WORK TO BE COMPLETED
Quote word for word the lines below, beginning with the first and ending with the one that has "Какую команду тренирует Джейсон Кидд?". Drop the pictures.

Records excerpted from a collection
☆ ☆ ☆ ☆ ☆
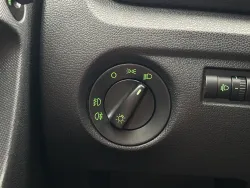 30610068
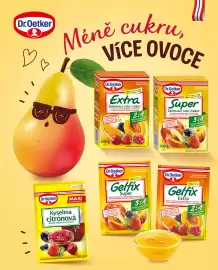 Billa leták Strana 81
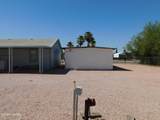 40108 Montana Way - Photo 37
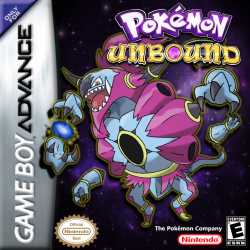 14 KB
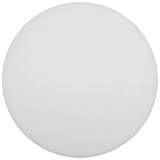 Светильник Nowodvorski 9837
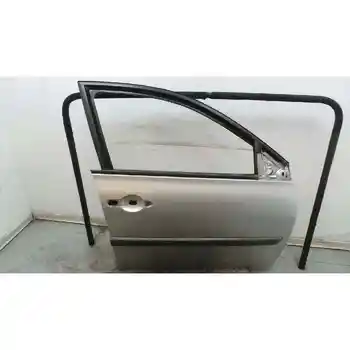 

7751473729 DOOR FRONT RIGHT RENAULT MEGANE II FAMILY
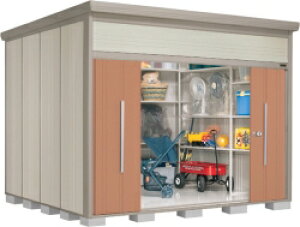 ^N{uMrDg[} _fB JN-SZ3229 ^ I[[/[/O[/O/q/^/^//i/] [i5Nۏ][K㗝X]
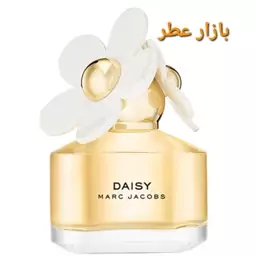 اسانس عطر مارک جاکوبز دیسی(هر ده میل) 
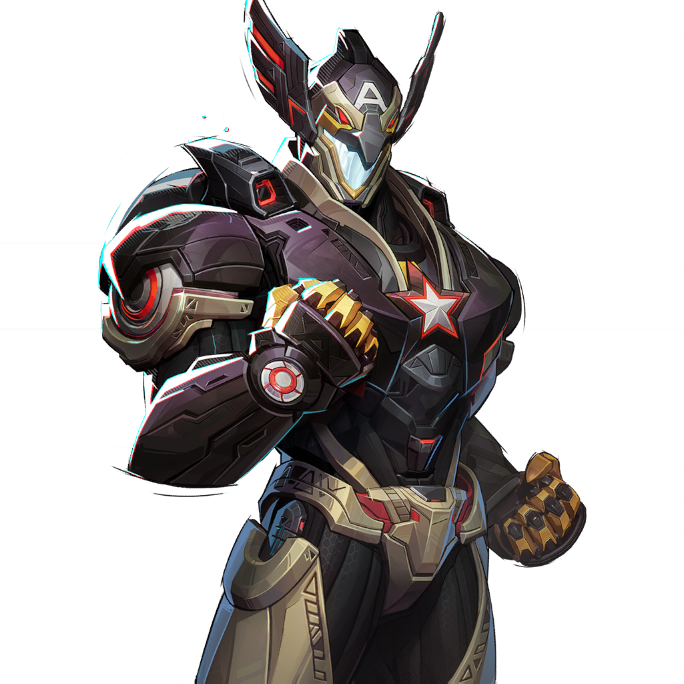 Item Preview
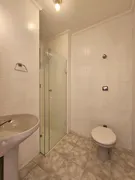 Apartamento com 1 Quarto à venda, 52m² no Paraíso, São Paulo - Foto 12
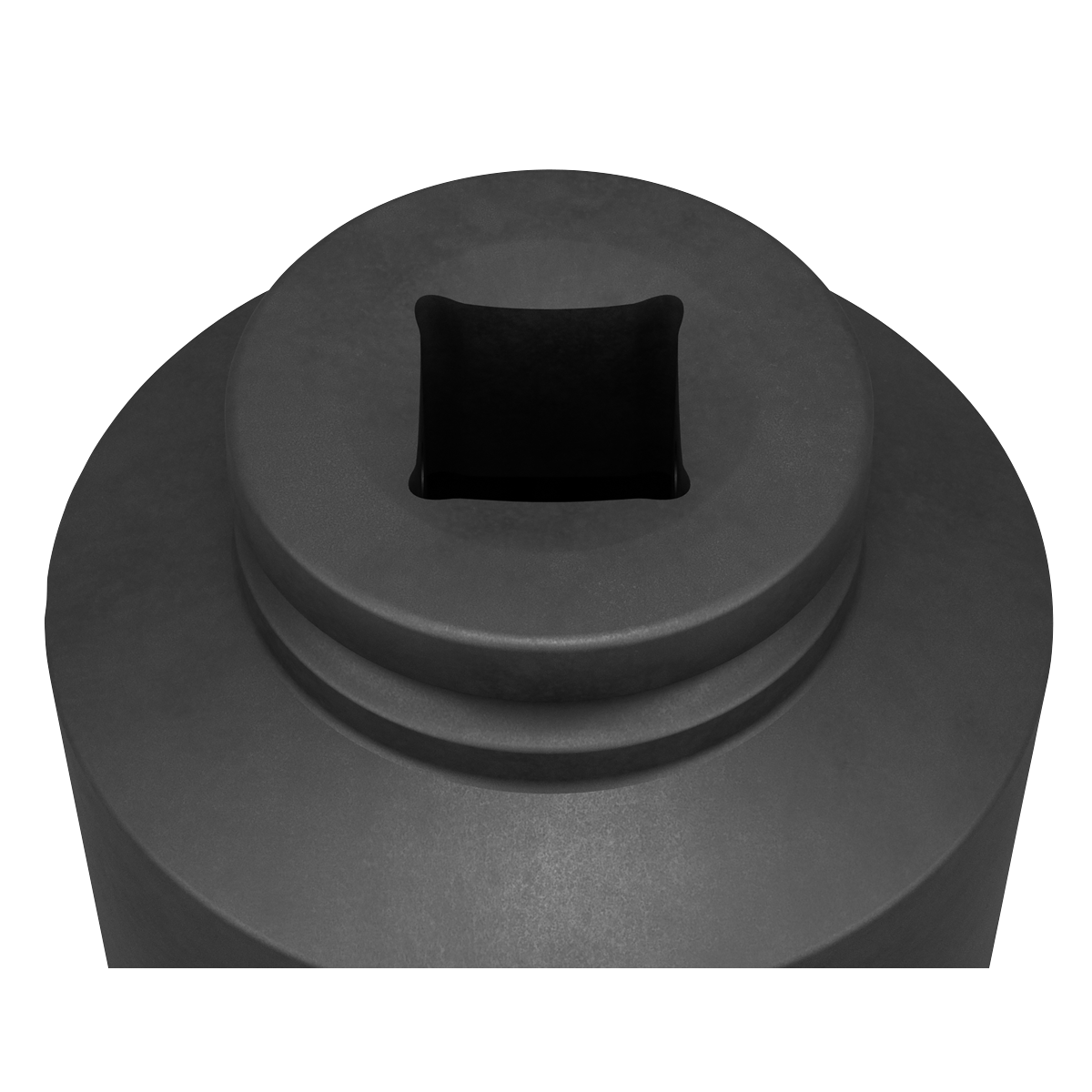 Premier IS3465 Premier Impact Socket 3/4"Sq Drive 65mm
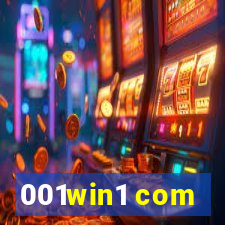 001win1 com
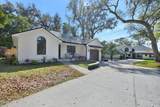 1120 Celebration Court - Photo 51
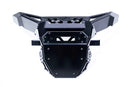 2017+ Can Am X3 Maverick Volt Front Winch Bumper - Lawlessoffroadaccessories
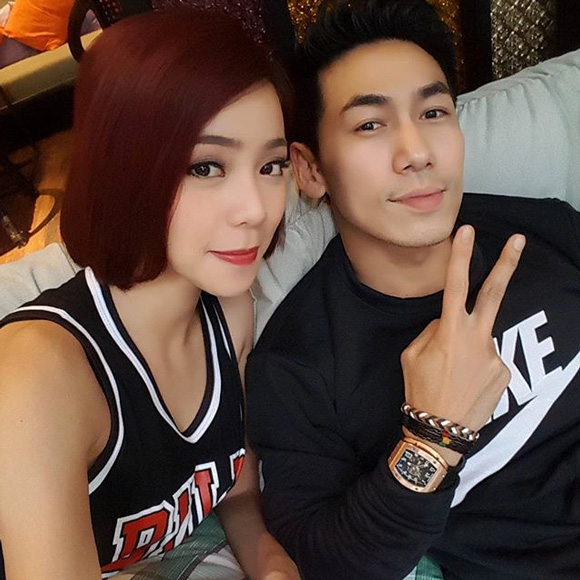 เพชรจ้า นิวเคลียร์ เพชรจ้า นิวเคลียร์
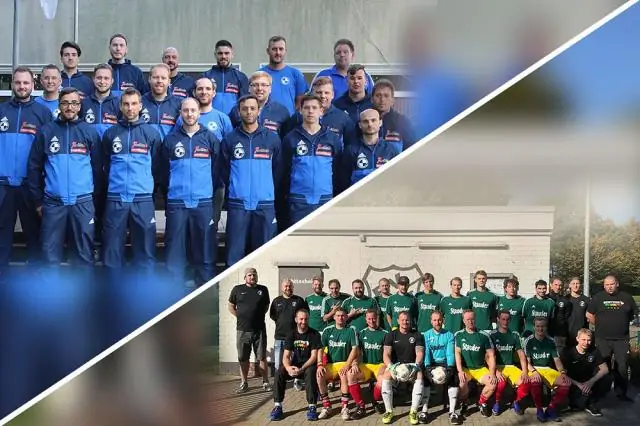 Какую команду тренирует Джейсон Кидд?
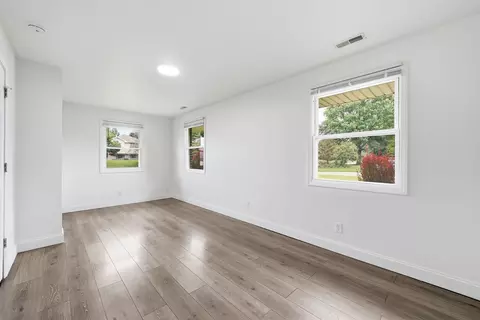 Living - Undisclosed, Plainfield, IL 60586 photo 4 of 4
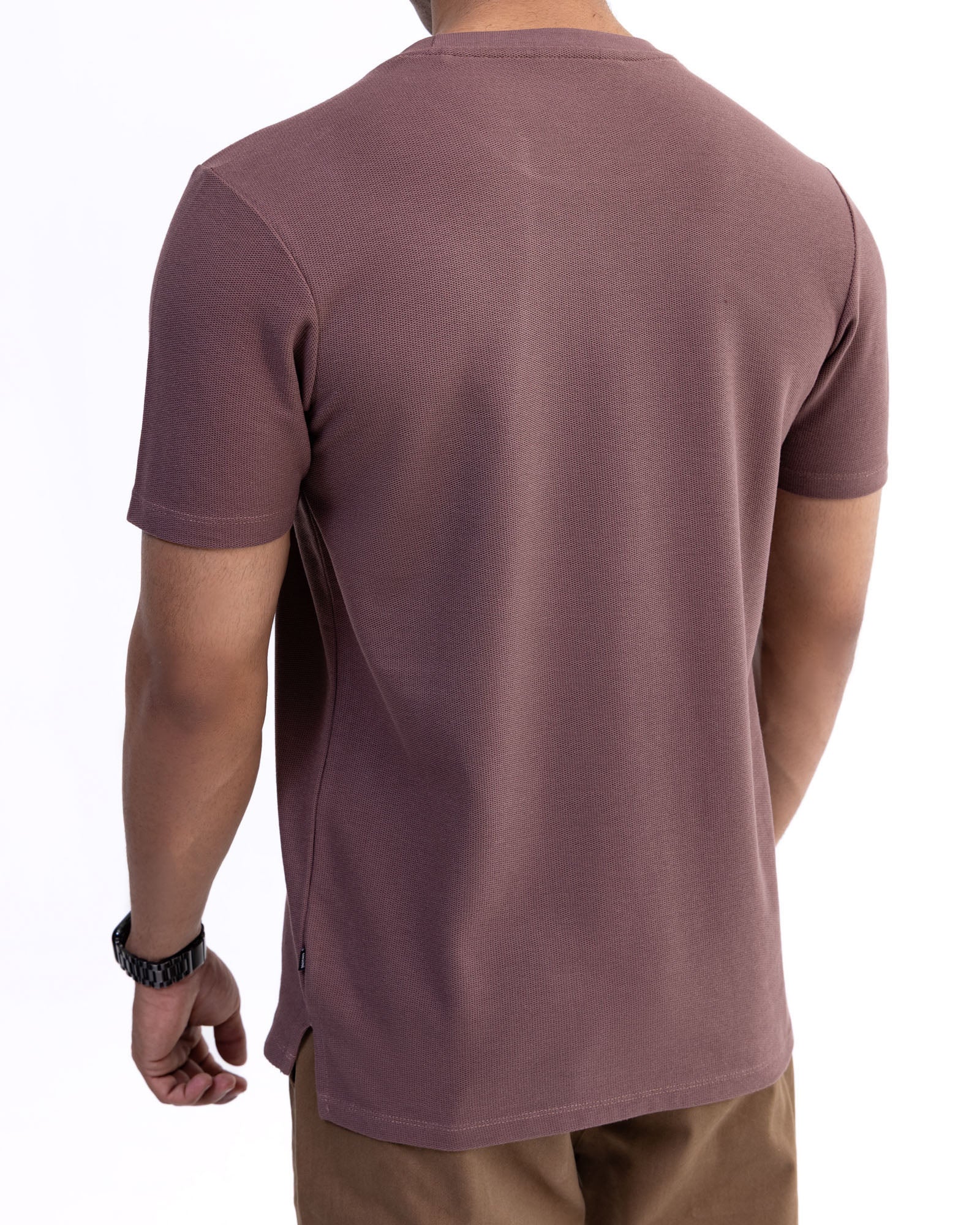 Men T Shirt - Engine - Buy Now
☆ ☆ ☆ ☆ ☆
RESULT OF THE TASK
 30610068
 Billa leták Strana 81
 40108 Montana Way - Photo 37
 14 KB
 Светильник Nowodvorski 9837

7751473729 DOOR FRONT RIGHT RENAULT MEGANE II FAMILY
 ^N{uMrDg[} _fB JN-SZ3229 ^ I[[/[/O[/O/q/^/^//i/] [i5Nۏ][K㗝X]
 اسانس عطر مارک جاکوبز دیسی(هر ده میل) 
 Item Preview
 Apartamento com 1 Quarto à venda, 52m² no Paraíso, São Paulo - Foto 12
 Premier IS3465 Premier Impact Socket 3/4"Sq Drive 65mm
 001win1 com
 1120 Celebration Court - Photo 51
 2017+ Can Am X3 Maverick Volt Front Winch Bumper - Lawlessoffroadaccessories
 เพชรจ้า นิวเคลียร์ เพชรจ้า นิวเคลียร์
 Какую команду тренирует Джейсон Кидд?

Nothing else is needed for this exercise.